L'exposition « De la plume au ciseau » présente pour la première fois au public six lettres de Camille Claudel à son éditeur, Eugène Blot, qui viennent d’entrer dans les collections du musée de Nogent-sur-Seine. Elle se tient à l’occasion de la commémoration des quatre-vingts ans de la mort de l’artiste, le 19 octobre 1943.
Aux côtés des lettres à Blot, les prêts consentis par le musée Rodin et le musée d’Orsay permettent d’évoquer le réseau de critiques et de commanditaires qu’elle a su constituer pour soutenir la réalisation et la diffusion de ses œuvres : le critique Gustave Geffroy, l’industriel Maurice Fenaille ou encore le banquier Joanny Peytel. Des lettres à Florence Jeans et à Auguste Rodin évoquent le cercle intime de la jeune femme.
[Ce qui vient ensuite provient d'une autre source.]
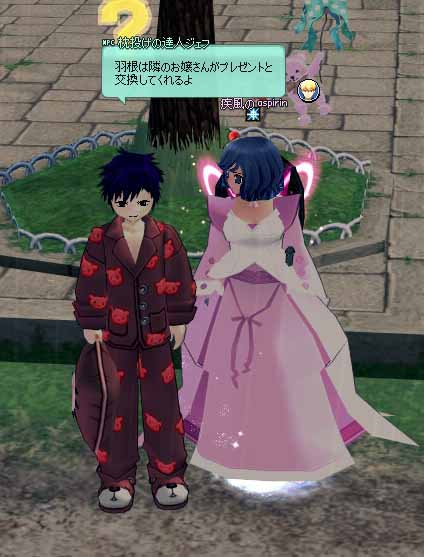 隣のお嬢さん…？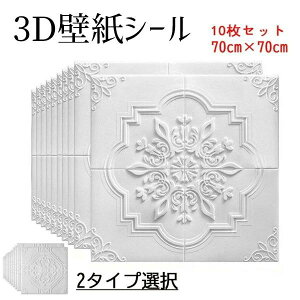 NbV tH[ wi NbVubNV[g V   zCg k m CN DIY V[g  V[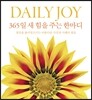 DAILY JOY 데일리 조이 : 365일 새 힘을 주는 한마디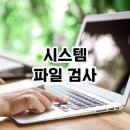알트탭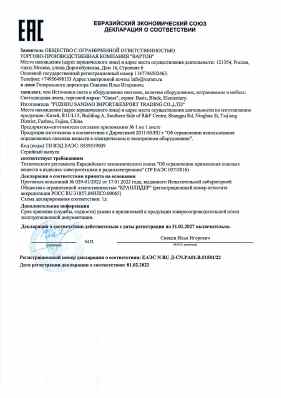 Предпросмотр: Декларация о соответствии № ЕАЭС N RU Д-CN.РА01.В.51581/22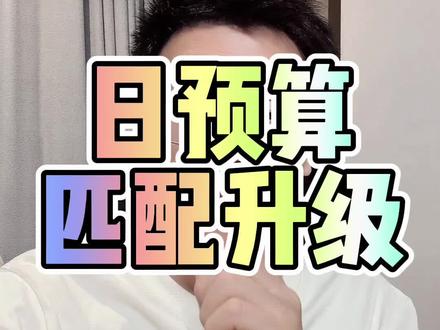 淘宝的这个调整,你们怎么看? #淘宝运营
Dans sa correspondance, qui court ici de 1895 à 1909, Camille Claudel évoque ses projets en cours et les œuvres qu’elle s’apprête à exposer. On y découvre notamment ses hésitations à accepter la commande d’un monument à Auguste Blanqui (1805-1881), inclassable et irréductible révolutionnaire qui passa plus de 33 ans en prison pour ses idées, et les raisons pour lesquelles elle finit par y renoncer. On suit aussi les différentes étapes de l’édition en bronze de La Joueuse de flûte ou encore les détails de la fonte de L’Âge mûr pour Louis Tissier. La sculptrice s’ouvre enfin à Blot de sa détresse financière et, sans relâche, elle lui demande de l’argent, avec une franchise qui témoigne de la solide confiance qui la liait à son éditeur.
Ces lettres révèlent l’attention de l’artiste à tous les détails de la réalisation matérielle de ses sculptures, jusqu’à intervenir parfois directement dans la réalisation des bronzes. On découvre ainsi pourquoi la ciselure du Buste de Rodin est si particulière et pour quel contexte l’artiste a conçu Persée et la Gorgone. Placées aux côtés des œuvres qu’elles évoquent, les lettres nous éclairent sur leur genèse et les conditions de leur réalisation. Elles nous rappellent que, si les sculptures sont conçues dans l’esprit de leur créateur, leur réalisation dépend d’une commande et de la maîtrise par l’artiste de toute une chaîne de fabrication.